Kabale und Liebe (1973) war mein erster Theaterbesuch. Ich war vier Jahre alt und derart begeistert, meinen Vater auf der Bühne zu sehen, dass ich mich nach nur wenigen Minuten auf den Klappstuhl stellte, in Windeseile splitternackt auszog und meine Kleider ins Publikum schleuderte, weil mir vor Aufregung so heiß geworden war.

Im Herbst 1975 übernahm Claus Peymann die Intendanz am Staatstheater Stuttgart, und ich kam in die Freie Waldorfschule am Kräherwald, gewissermaßen also in den Adlerhorst der Waldorfschulen. Auch hier machte ich bereits am ersten Tag einen Abgang. Nach der Begrüßungsfeier, bei der jeder Erstklässler eine Sonnenblume von einem Abiturienten überreicht bekam, beschloss ich, dass es nun genug mit der Schule war und trottete nicht brav mit den anderen Schulanfängern in die erste Klasse, sondern überredete ein kleines Mädchen, mit mir abzuhauen und ein Eis essen zu gehen. Als wir eineinhalb Stunden später mit eisverschmierten Gesichtern zur Schule zurückschlenderten, weil wir dort von den Eltern abgeholt werden sollten, erwarteten uns vier Polizeibusse und ein Suchtrupp mit Hunden. Im benachbarten Kräherwald waren des Öfteren Kinder verschwunden. Wir blickten in eine Runde von etlichen besorgten Lehrern, Mitschülern und völlig aufgelösten Eltern.

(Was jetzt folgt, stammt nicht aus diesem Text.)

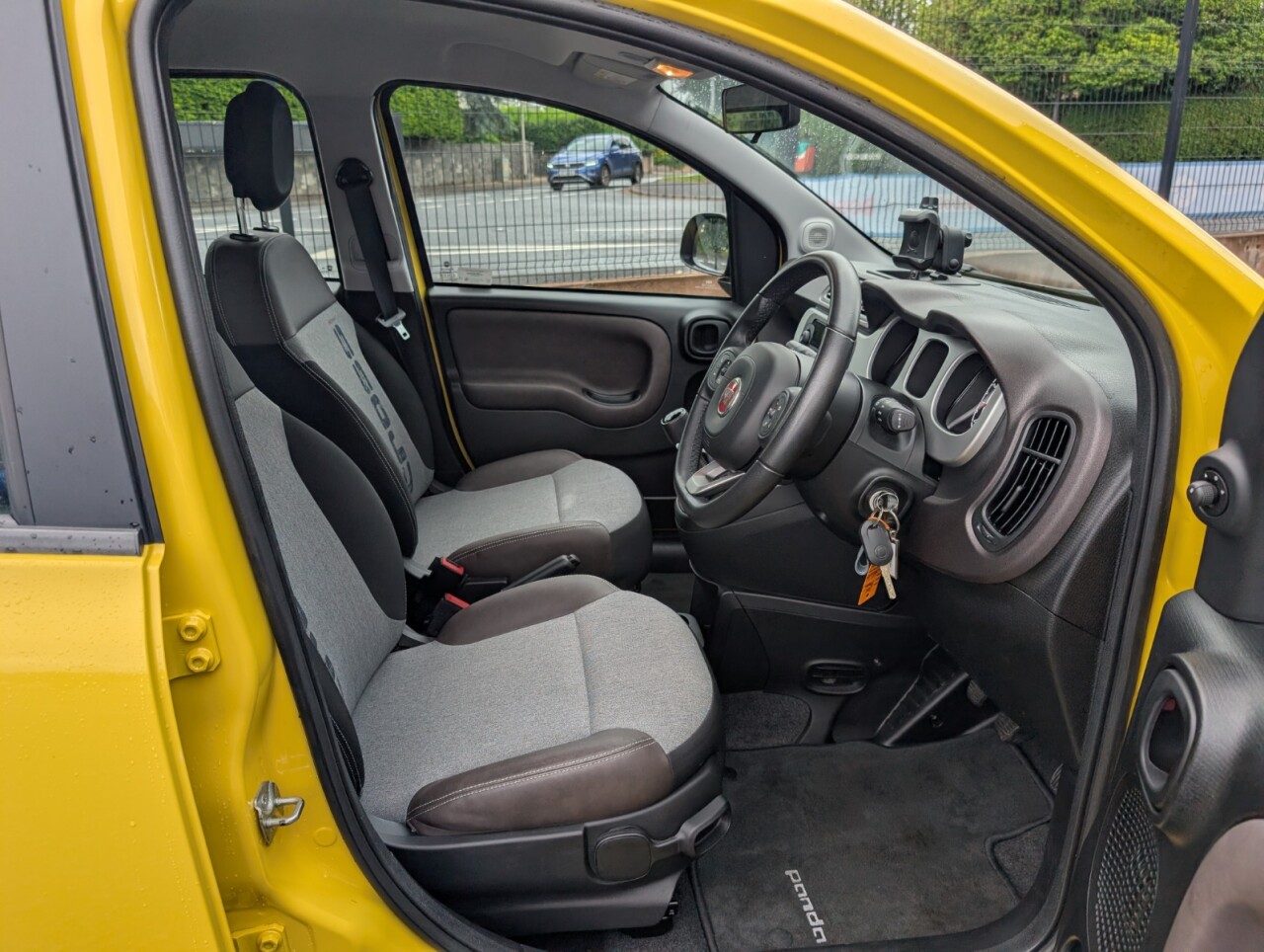 2020 FIAT PANDA 1.2 City Cross Hatchback 5dr Petrol Manual Euro 6 (s/s) (69 bhp) - vehicle photo 27 for sale on PureCar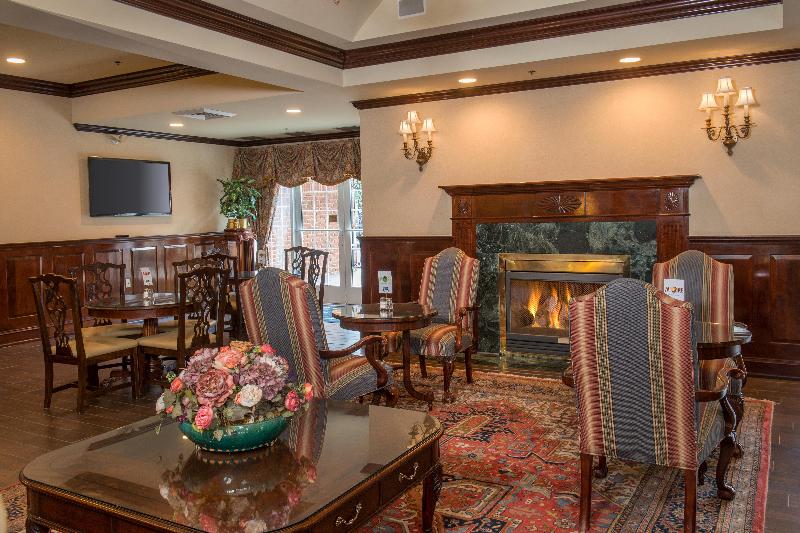 호텔 Holiday Inn Express State College At Williamsburg Square, An Ihg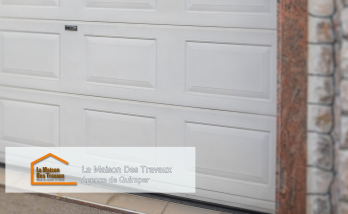 Le garage après rénovation, avec sa nouvelle porte sectionnelle en aluminium motorisée, alliant sécurité et modernité.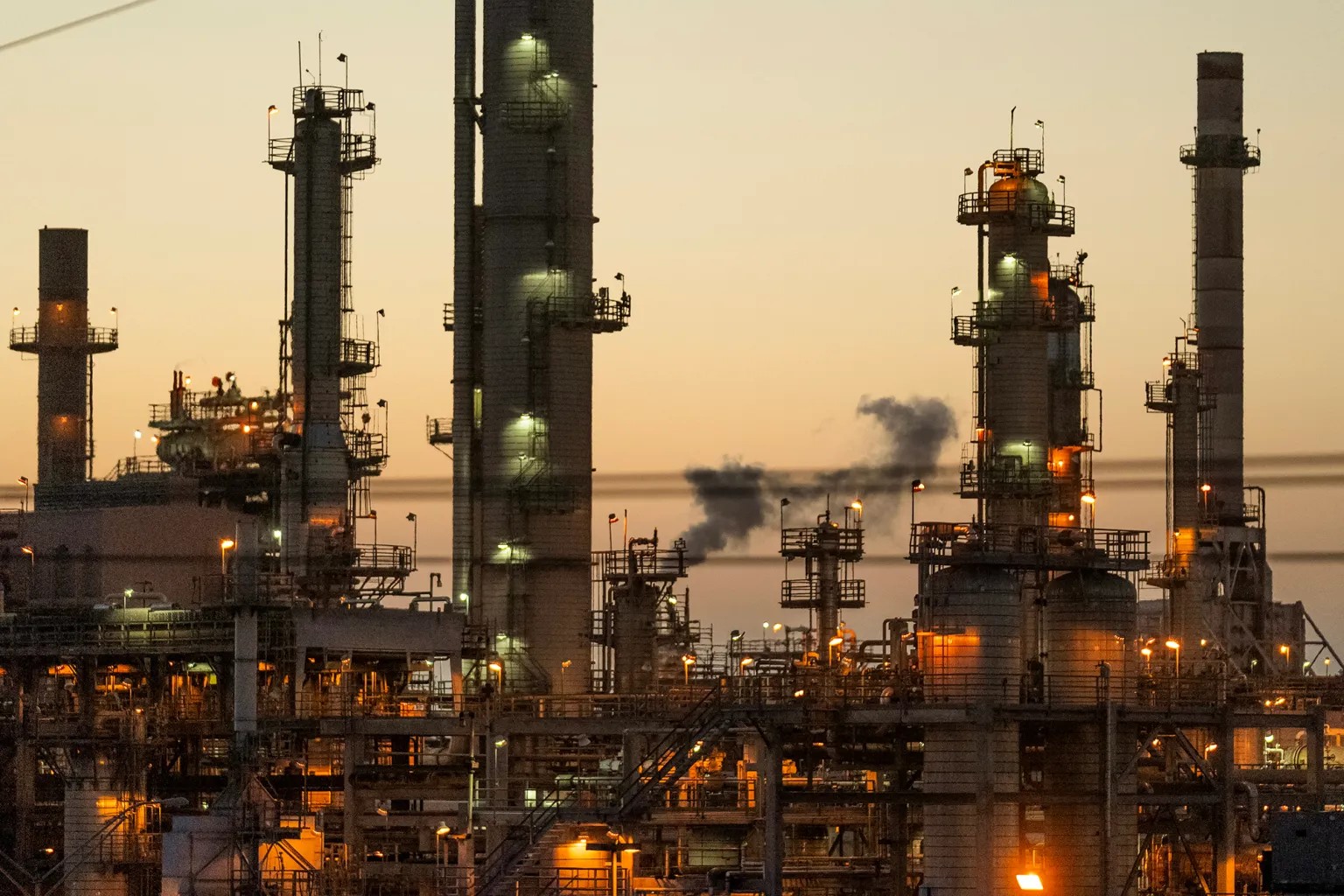laist.com - CalMatters - California overhauls carbon market - critics say it's a giveaway to oil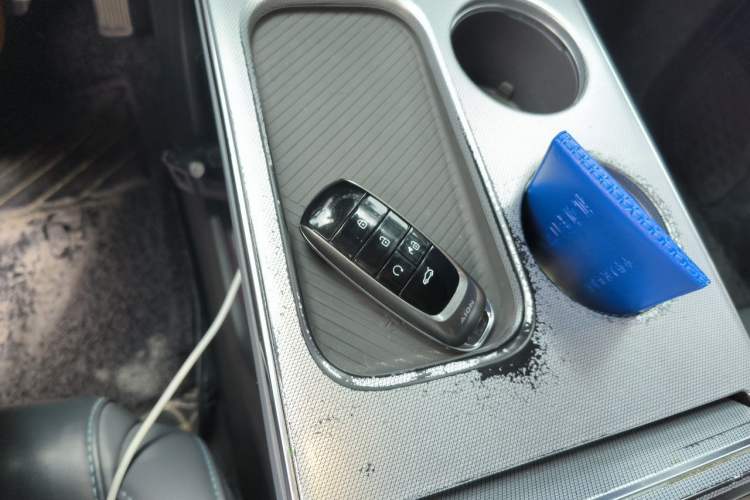 Used AION Y 2022 70 Enjoyment Edition Lithium Iron Phosphate Vehicle Key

Als Initiatorin dieser Missetat musste ich zum Schulleiter. Gemeinsam mit meiner Mutter stieg ich die knarzende Holztreppe des alten ehrwürdigen Schulgebäudes für die Oberstufe hinauf, wo sich – logischerweise ganz oben – das Büro des Direktors befand. Er wirkte sehr ausgezehrt, blickte mich ernst an und begann mir ins Gewissen zu reden. Wie immer, wenn mich etwas emotional überforderte, senkte sich in meinem Inneren ein dickes Eisentor. Ich hörte zwar peripher zu, war aber innerlich vollkommen distanziert und zog mich in eine meiner Fantasiewelten zurück. Erholt und gestärkt kehrte ich daraus zurück, als mich meine Mutter mit dem Ellbogen anstieß. Lächelnd schüttelte ich die knochige Hand des Direktors und nickte. Das schien mir in diesem Moment angebracht. Im Treppenhaus blieb meine Mutter plötzlich stehen, zog die Augenbrauen nach oben und sah mich fragend an. Ich grinste, senkte den Blick und sagte: »Tut mir leid …!« Ich dachte, wir könnten jetzt endlich nach Hause gehen, aber weit gefehlt. Da ich dem Direktor ja nicht zugehört hatte, wurde ich nun von meiner Mutter über den nächsten Programmpunkt aufgeklärt. Ich musste mich bei jedem meiner neuen Lehrer vorstellen, ihm die Hand geben – ein geradezu exzessiv betriebenes Ritual aller Anthroposophen – und mich entschuldigen. Das Ganze in einem unvergesslichen Outfit, einem schwarzen Samthosenanzug, der mir eigentlich schon zu klein war. Meine Omi mütterlicherseits, die wegen Geldmangels meine gesamte Garderobe strickte und nähte und dabei immer nur Reste verarbeitete, was gelegentlich zu äußerst gewagten Farbkombinationen führte, hatte an den zu kurz gewordenen Ärmeln und Beinen meines Hosenanzugs rotweiß geblümten Stoff angestückelt.